Set out exactly, and only, the lines running from the one containing "CASA PINAMAR NORTE C/PISCINA" to the bottom of the listing below; pictures stay out.

## DATA EXTRACT:
┄┄┄┄┄┄
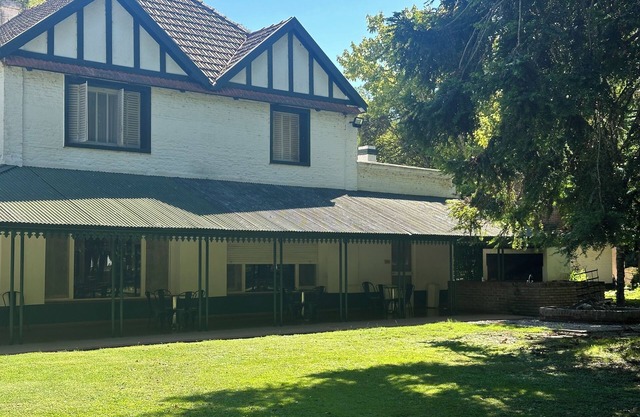 Casa rodeada de naturaleza a 140km de Ciudad de Buenos Aires 50km de San Antonio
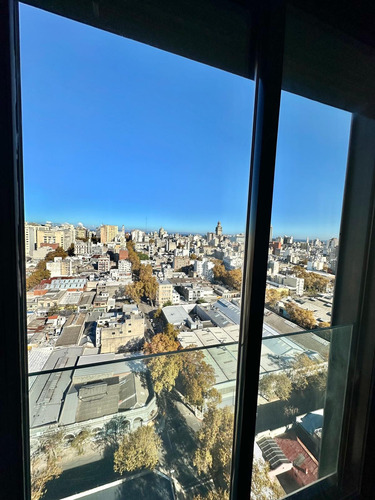Venta Apartamento 2 Dormitorios Centro Edificio Nostrum Bay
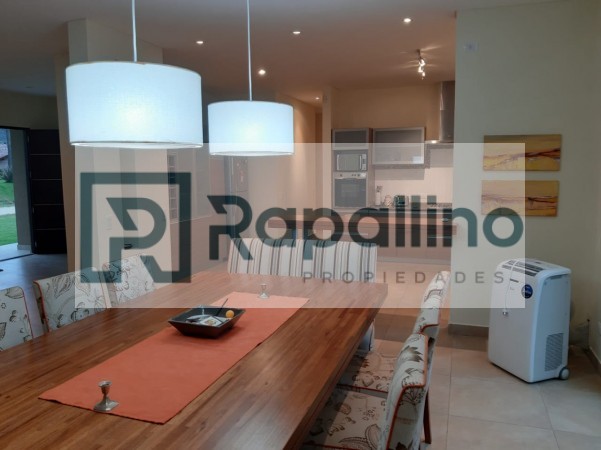 CASA PINAMAR NORTE C/PISCINA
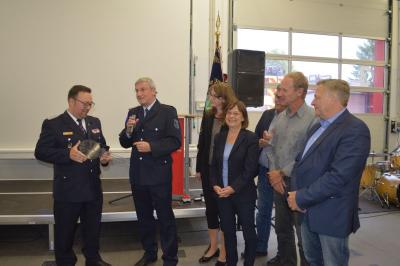 Gemeinsam mit den anwesenden Vertretern der Stadtverordnetenversammlung überreichte Bürgermeister Heiko Müller dem Stadtbrandmeister Daniel Brose symbolisch den Schlüssel zur neuen Wache.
┄┄┄┄┄┄
## ANSWER FOR THIS EXERCISE:
 CASA PINAMAR NORTE C/PISCINA
 Gemeinsam mit den anwesenden Vertretern der Stadtverordnetenversammlung überreichte Bürgermeister Heiko Müller dem Stadtbrandmeister Daniel Brose symbolisch den Schlüssel zur neuen Wache.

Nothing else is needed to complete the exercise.